*Instructions to follow*
Pictures in the entries below are excluded; copy only the lines from the one containing "Vintage Loft Apartment *" to the one containing "Bố già tập 3: Khả", both included.

── Material for this exercise ──

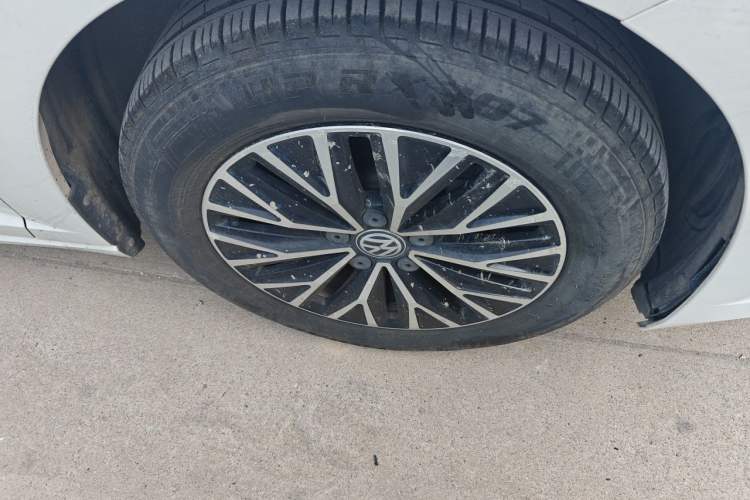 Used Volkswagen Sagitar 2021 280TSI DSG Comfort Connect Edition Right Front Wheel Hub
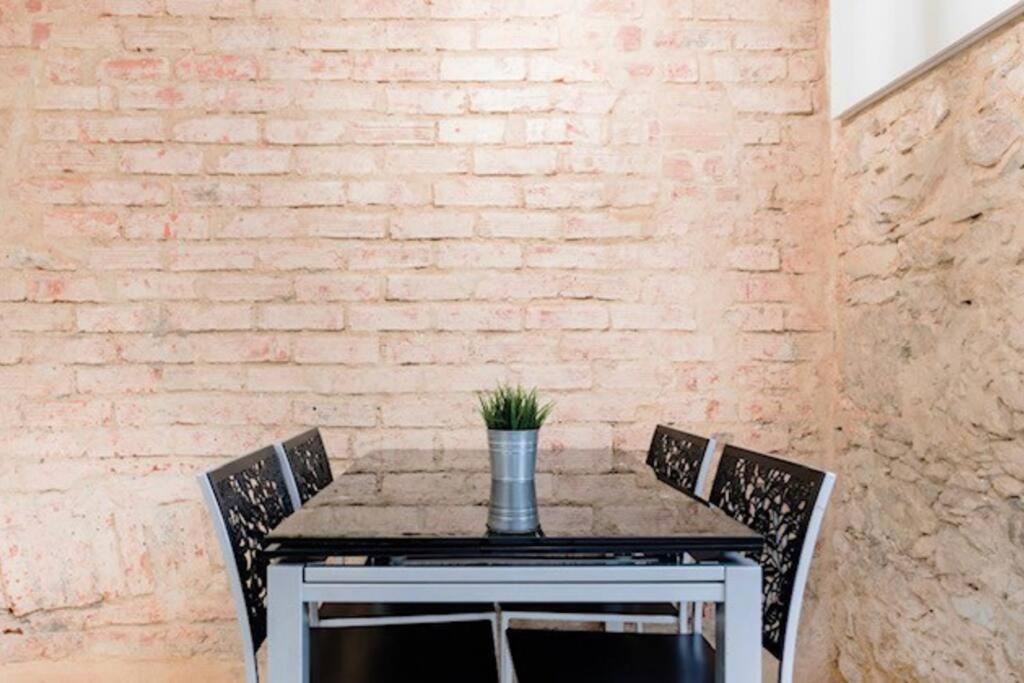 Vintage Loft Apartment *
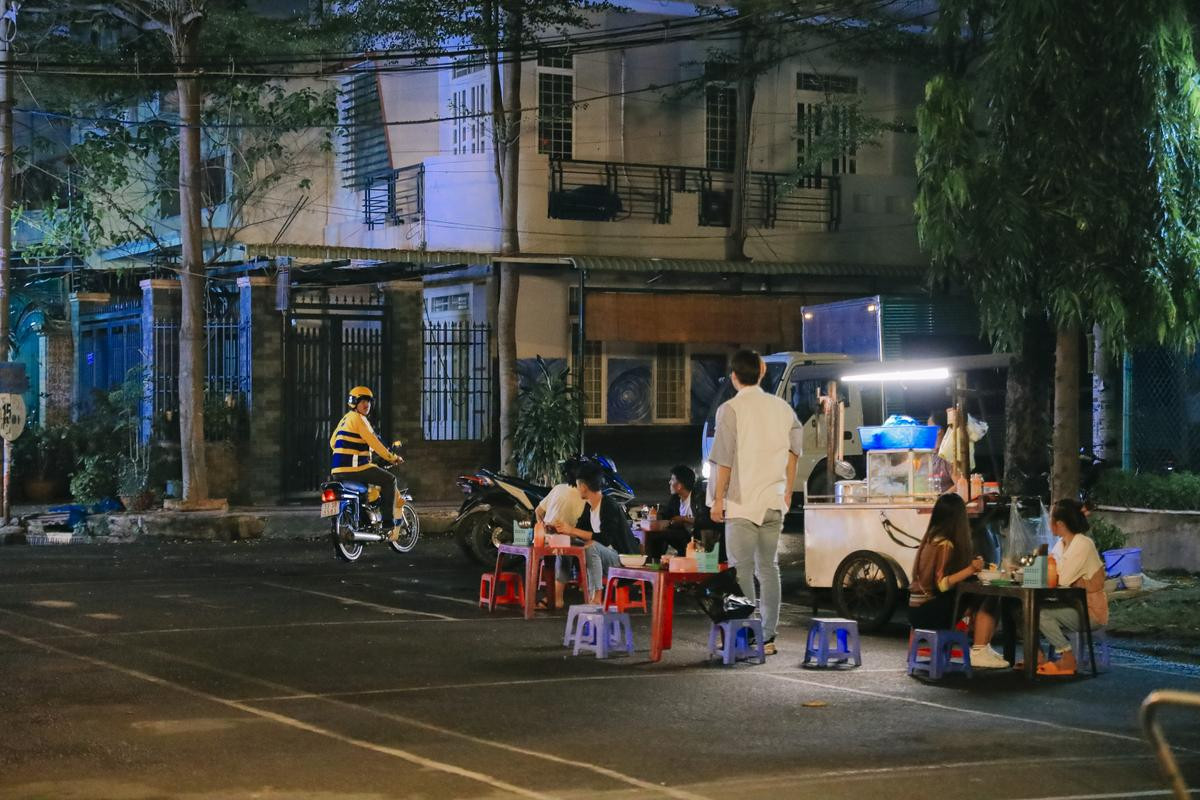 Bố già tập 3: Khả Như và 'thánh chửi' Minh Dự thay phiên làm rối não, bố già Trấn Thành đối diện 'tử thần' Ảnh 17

───
── Material for this exercise ──

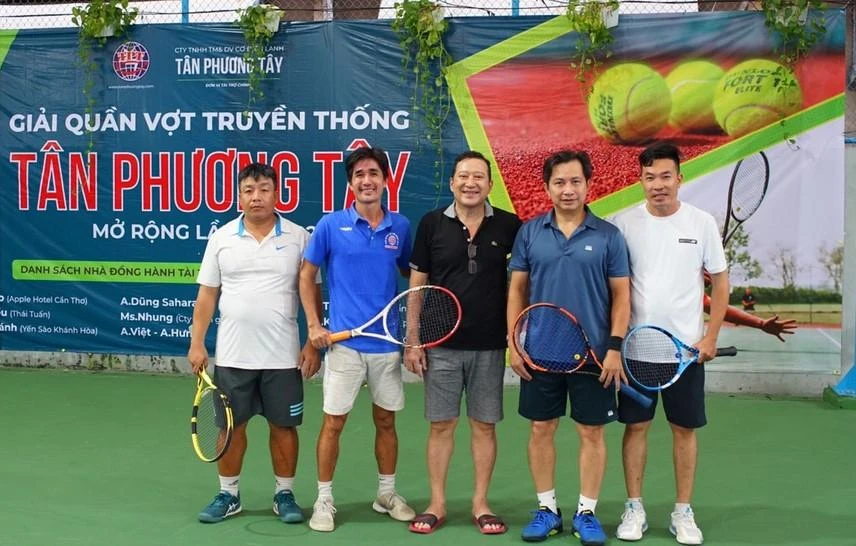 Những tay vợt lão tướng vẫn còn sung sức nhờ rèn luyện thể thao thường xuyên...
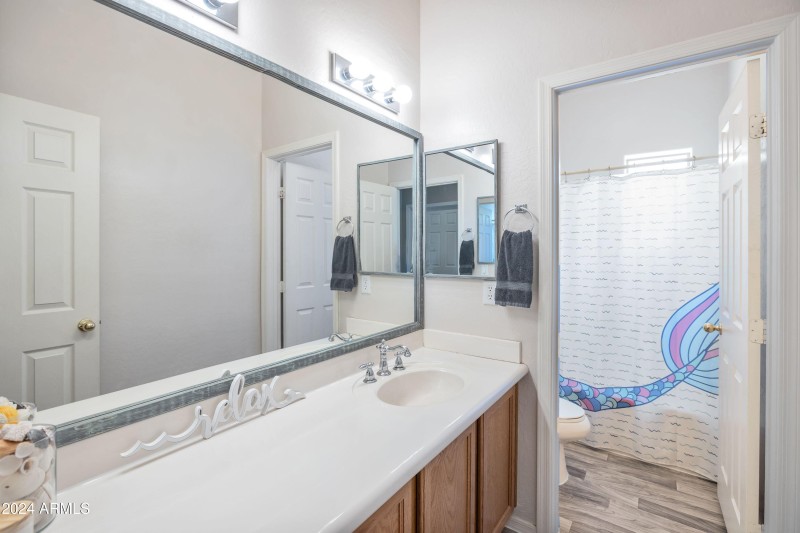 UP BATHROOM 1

───
── Material for this exercise ──

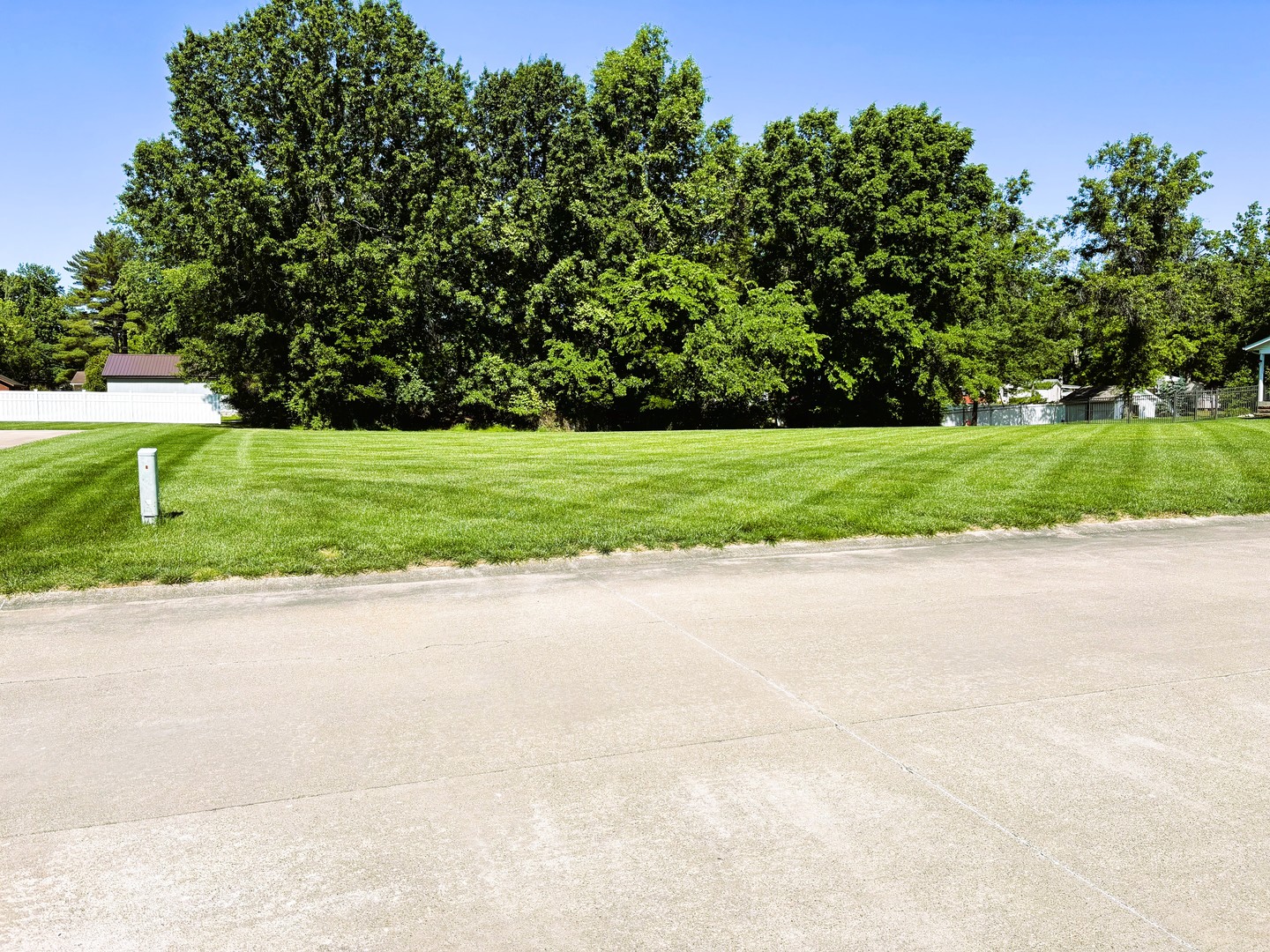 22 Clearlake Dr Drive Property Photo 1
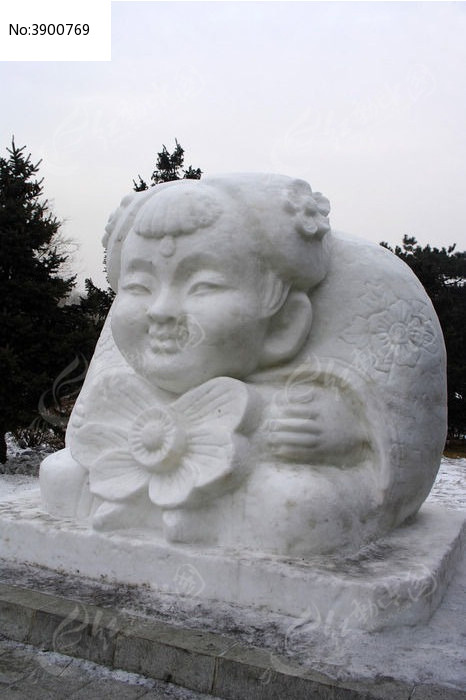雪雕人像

───

*Solution to this problem*
 Vintage Loft Apartment *
 Bố già tập 3: Khả Như và 'thánh chửi' Minh Dự thay phiên làm rối não, bố già Trấn Thành đối diện 'tử thần' Ảnh 17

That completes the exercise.